--- Data to examine ---
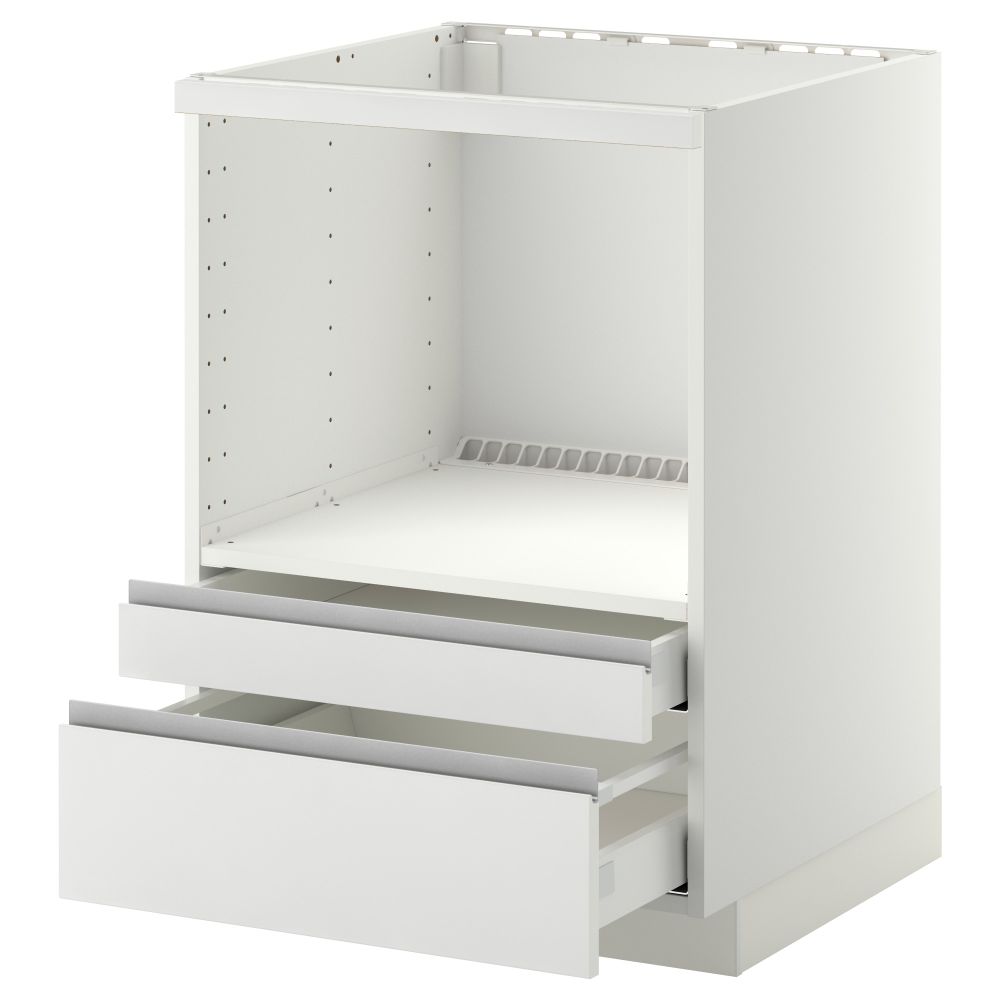 Напольный шкаф для комбинирования СВЧ, ящики МЕТОД / МАКСИМЕРА, белый, Нодста белый (60x60 см) - схема-чертеж с размерами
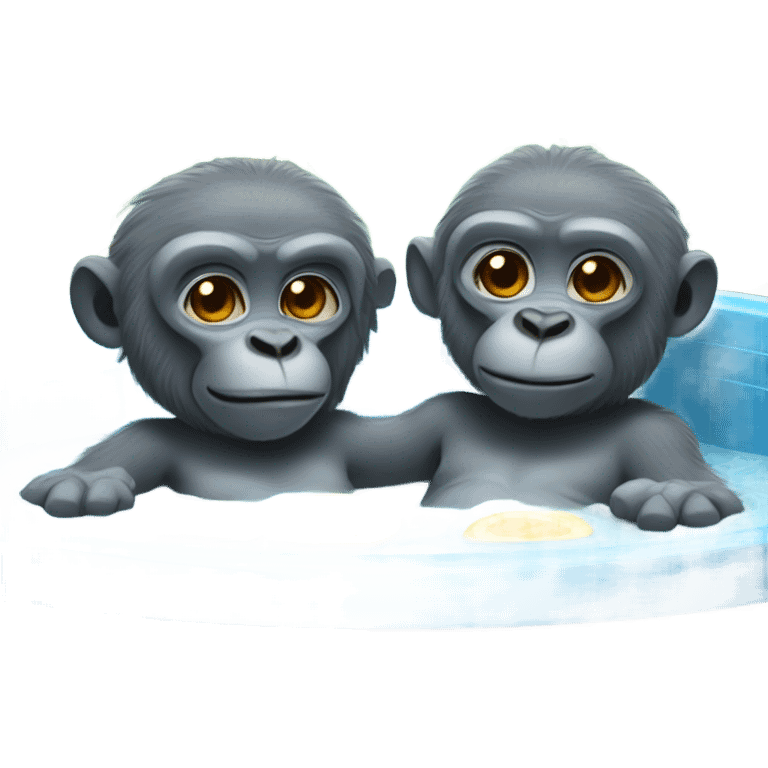 Two blue gorilla babies in hot tub  emoji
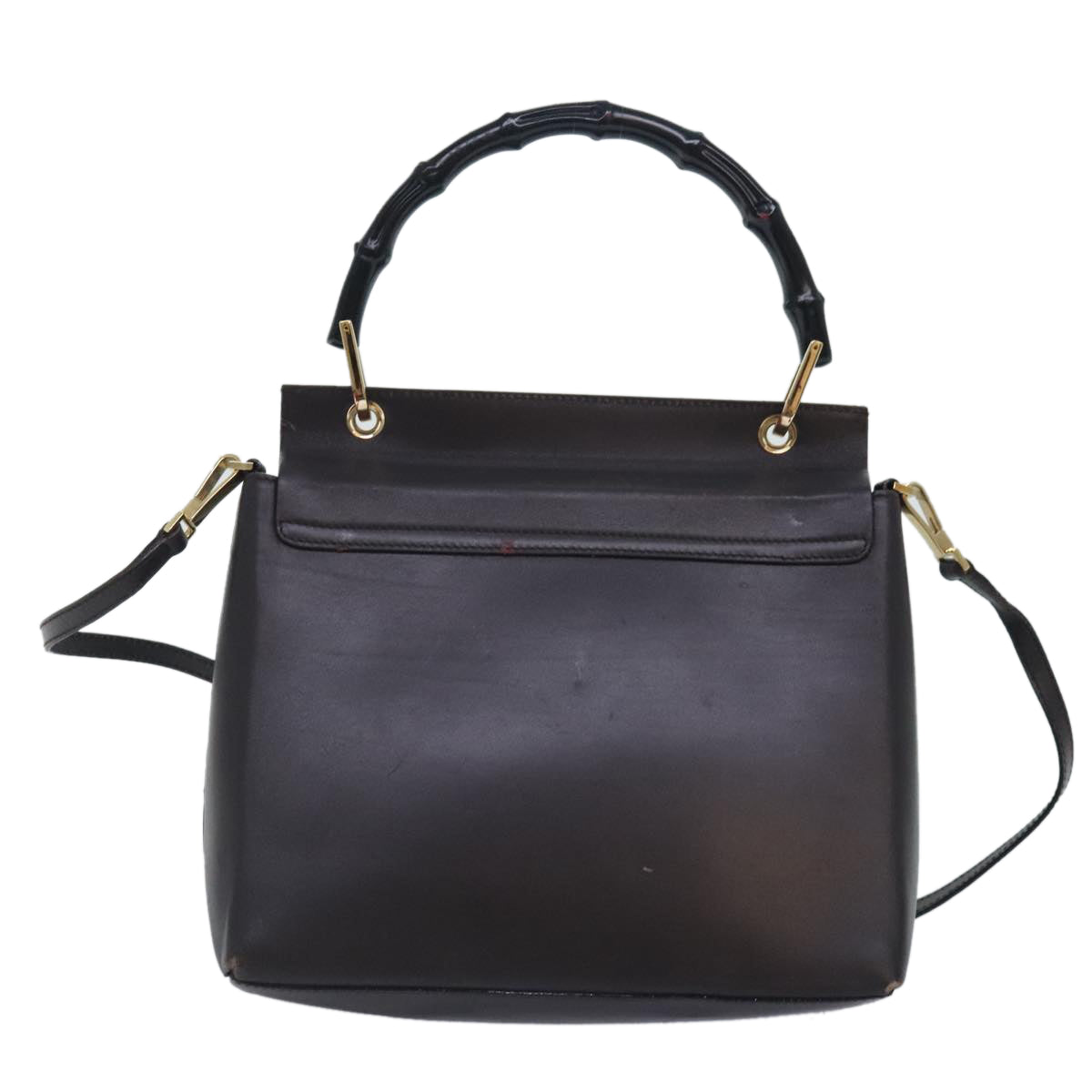GUCCI Bamboo Hand Bag Leather 2way Brown bs18151
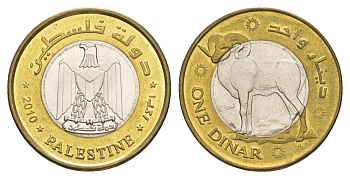 Палестина 1 динар 2010 X 10 биметалл UNC 4646-925
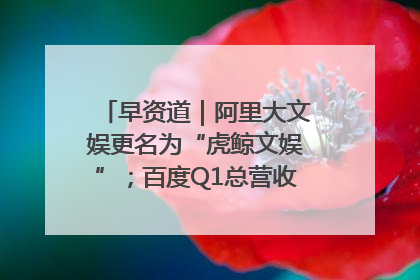 早资道｜阿里大文娱更名为“虎鲸文娱”；百度Q1总营收325亿元超预期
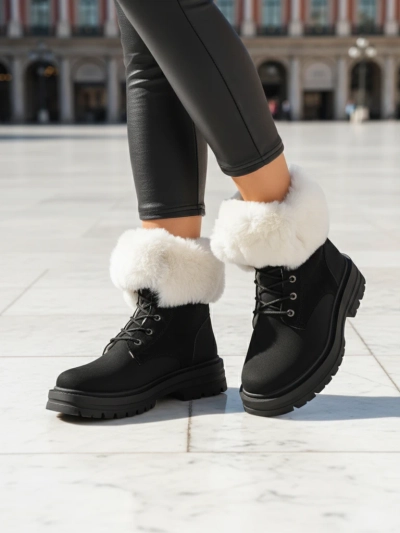 Royalfashion дамски обувки до глезена с подплата от козина Nasaha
---
__Assigned task__: Output only the lines running from the one containing "GUCCI Bamboo Hand" to the end of the records, inclusive and exact; skip the pictures.

__Solution__:
GUCCI Bamboo Hand Bag Leather 2way Brown bs18151
 Палестина 1 динар 2010 X 10 биметалл UNC 4646-925
 早资道｜阿里大文娱更名为“虎鲸文娱”；百度Q1总营收325亿元超预期
 Royalfashion дамски обувки до глезена с подплата от козина Nasaha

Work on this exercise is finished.